Dessa forma, torna-se imperioso reivindicar uma reforma legislativa que não apenas reconheça as novas realidades do mercado de trabalho, mas que também reafirme o compromisso constitucional com os princípios da dignidade da pessoa humana, da valorização do trabalho e da função social da empresa. O desafio não reside na rejeição automática de novos modelos contratuais, mas na construção de critérios normativos claros, objetivos e justos que possam distinguir o trabalho autônomo legítimo da precarização disfarçada de inovação.

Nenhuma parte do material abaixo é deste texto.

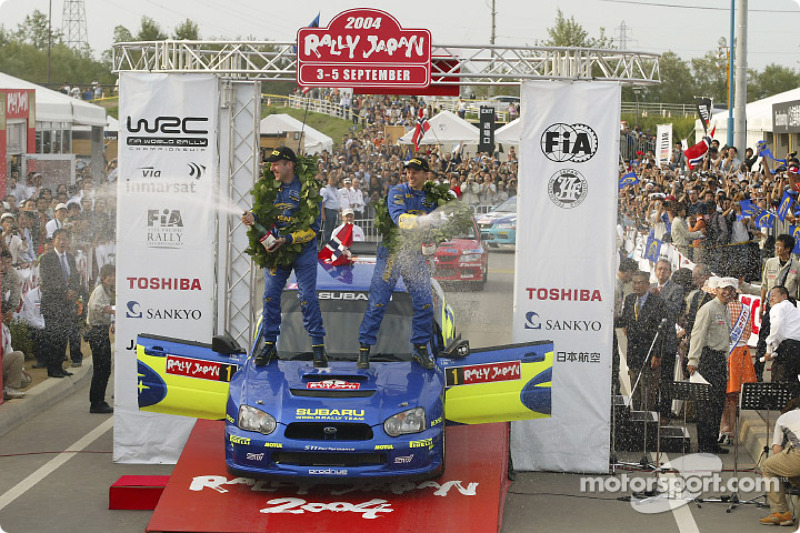 Podium : champagne pour les vainqueurs du rallye Petter Solberg et Phil Mills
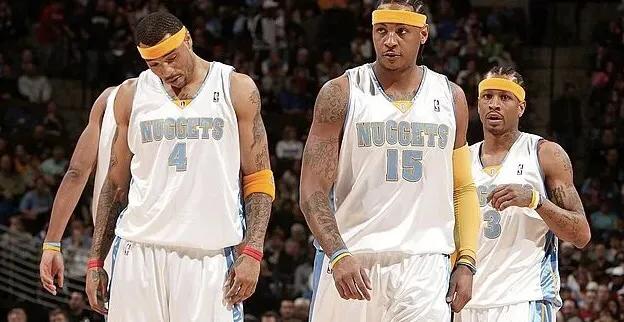 上赛季肯扬马丁,肯扬马丁在街头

O artigo conclui que a solução para os conflitos envolvendo a pejotização não pode estar exclusivamente nas mãos do Poder Judiciário, sob pena de se perpetuar a insegurança jurídica e a desproteção trabalhista. É necessária uma atuação legislativa proativa, informada pelo diálogo social e pela análise das transformações reais do mundo do trabalho, para assegurar que a modernização das relações laborais ocorra sem o sacrifício dos direitos fundamentais dos trabalhadores. Sem esse compromisso, corre-se o risco de transformar a liberdade econômica em instrumento de exclusão social e institucionalização da precarização.

Palavras-chave: Pejotização. Liberdade Econômica. Ativismo Judicial. Reforma Trabalhista. STF. Precarização do Trabalho. Proteção Social. Relação de Emprego. Insegurança Jurídica. Dignidade do Trabalhador. CLT. Jurisprudência. Omissão Legislativa. Contrato de Prestação de Serviços. Função Social do Trabalho.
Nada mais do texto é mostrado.